- What to work on:
Search the entries for the word "Turbo". Copy every line where it turns up.

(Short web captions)
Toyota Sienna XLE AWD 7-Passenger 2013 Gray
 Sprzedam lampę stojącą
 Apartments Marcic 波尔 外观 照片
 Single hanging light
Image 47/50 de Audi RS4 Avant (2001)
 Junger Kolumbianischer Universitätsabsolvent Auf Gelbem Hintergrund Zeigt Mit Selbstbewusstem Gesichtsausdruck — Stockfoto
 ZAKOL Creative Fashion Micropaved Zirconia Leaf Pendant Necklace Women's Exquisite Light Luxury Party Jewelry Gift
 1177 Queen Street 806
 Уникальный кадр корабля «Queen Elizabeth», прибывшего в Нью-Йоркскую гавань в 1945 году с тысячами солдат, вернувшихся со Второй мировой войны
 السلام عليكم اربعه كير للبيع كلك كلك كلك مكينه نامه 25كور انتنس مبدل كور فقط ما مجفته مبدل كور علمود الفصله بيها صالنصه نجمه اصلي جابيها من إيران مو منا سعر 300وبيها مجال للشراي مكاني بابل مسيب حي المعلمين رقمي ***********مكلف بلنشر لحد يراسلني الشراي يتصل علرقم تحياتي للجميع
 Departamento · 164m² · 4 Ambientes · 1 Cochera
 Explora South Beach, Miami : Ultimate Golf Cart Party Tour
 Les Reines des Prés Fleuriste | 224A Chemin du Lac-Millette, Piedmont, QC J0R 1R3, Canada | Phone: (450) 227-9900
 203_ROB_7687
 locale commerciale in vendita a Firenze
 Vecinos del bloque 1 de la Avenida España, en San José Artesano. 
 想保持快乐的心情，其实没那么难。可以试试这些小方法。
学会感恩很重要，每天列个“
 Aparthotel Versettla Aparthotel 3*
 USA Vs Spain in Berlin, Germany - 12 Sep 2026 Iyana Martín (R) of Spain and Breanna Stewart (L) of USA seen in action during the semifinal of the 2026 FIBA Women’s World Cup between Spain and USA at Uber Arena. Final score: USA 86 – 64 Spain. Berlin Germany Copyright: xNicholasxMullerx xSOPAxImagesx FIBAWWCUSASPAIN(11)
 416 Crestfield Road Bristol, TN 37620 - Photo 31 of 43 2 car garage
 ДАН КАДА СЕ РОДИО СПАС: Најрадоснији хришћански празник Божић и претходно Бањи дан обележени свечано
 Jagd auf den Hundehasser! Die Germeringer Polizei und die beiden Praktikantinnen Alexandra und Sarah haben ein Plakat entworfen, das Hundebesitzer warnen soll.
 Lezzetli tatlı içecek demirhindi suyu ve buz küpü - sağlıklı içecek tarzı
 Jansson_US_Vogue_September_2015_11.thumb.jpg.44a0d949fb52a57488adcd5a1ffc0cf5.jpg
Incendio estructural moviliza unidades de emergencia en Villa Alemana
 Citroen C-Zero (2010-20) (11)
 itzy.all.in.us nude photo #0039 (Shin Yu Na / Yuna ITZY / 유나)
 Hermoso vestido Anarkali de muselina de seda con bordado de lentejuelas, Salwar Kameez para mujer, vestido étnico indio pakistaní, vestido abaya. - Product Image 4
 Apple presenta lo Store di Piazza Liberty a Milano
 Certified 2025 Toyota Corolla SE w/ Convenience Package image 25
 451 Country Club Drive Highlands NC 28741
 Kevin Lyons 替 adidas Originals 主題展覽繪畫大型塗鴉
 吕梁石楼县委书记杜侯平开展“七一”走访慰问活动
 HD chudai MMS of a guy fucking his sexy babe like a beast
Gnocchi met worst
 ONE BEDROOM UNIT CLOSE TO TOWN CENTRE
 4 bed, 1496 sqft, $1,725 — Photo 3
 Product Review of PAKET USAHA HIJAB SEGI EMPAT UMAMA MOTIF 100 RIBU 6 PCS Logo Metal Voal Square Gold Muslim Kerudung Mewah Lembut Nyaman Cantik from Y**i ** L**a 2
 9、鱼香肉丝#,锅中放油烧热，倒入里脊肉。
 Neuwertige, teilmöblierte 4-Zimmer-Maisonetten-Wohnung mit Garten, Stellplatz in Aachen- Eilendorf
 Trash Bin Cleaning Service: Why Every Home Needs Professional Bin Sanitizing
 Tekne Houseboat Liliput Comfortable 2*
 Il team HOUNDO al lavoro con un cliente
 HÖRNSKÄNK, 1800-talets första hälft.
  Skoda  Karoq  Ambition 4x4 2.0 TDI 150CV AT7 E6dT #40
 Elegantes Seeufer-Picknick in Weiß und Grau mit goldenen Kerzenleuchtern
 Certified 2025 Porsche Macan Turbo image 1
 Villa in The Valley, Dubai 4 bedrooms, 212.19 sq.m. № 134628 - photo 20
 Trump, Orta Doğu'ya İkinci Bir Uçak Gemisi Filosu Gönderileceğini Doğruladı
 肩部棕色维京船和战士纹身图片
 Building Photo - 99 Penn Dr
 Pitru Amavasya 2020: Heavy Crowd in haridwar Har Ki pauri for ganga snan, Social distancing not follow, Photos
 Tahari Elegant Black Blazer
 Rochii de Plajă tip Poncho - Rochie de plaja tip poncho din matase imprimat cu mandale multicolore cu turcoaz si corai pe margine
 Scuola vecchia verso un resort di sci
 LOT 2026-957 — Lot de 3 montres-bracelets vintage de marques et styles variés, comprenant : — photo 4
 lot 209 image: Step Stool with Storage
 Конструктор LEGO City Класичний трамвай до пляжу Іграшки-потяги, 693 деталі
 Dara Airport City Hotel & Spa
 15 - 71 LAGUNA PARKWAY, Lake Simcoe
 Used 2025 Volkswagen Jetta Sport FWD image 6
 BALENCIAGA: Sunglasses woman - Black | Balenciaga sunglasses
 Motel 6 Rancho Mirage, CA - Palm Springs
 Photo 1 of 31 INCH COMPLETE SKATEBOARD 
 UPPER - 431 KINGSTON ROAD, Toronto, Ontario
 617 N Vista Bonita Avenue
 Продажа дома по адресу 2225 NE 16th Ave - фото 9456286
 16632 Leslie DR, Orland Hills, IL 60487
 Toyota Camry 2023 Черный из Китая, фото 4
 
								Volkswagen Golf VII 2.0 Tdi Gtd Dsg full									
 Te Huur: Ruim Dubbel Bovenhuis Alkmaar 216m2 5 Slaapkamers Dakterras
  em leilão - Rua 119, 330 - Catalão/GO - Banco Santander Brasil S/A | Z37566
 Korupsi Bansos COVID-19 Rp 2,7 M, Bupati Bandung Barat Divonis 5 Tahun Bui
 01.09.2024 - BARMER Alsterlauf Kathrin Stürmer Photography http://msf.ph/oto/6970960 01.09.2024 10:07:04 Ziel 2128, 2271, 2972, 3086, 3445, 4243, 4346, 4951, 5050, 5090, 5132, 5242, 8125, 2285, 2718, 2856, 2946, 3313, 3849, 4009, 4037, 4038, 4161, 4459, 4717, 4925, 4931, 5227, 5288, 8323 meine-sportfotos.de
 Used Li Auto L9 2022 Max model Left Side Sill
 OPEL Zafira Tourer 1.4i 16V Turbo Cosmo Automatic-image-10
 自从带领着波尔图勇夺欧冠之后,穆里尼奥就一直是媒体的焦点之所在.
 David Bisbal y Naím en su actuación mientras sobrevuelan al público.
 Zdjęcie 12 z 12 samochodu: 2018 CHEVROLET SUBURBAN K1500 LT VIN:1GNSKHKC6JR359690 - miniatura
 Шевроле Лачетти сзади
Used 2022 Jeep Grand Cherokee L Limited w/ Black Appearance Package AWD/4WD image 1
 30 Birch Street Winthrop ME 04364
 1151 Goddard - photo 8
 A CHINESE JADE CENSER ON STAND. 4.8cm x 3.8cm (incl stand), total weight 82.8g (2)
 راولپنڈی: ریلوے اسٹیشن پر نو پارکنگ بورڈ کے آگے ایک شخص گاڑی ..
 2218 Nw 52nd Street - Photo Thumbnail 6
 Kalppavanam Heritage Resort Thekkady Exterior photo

- Reply:
 Certified 2025 Porsche Macan Turbo image 1
 OPEL Zafira Tourer 1.4i 16V Turbo Cosmo Automatic-image-10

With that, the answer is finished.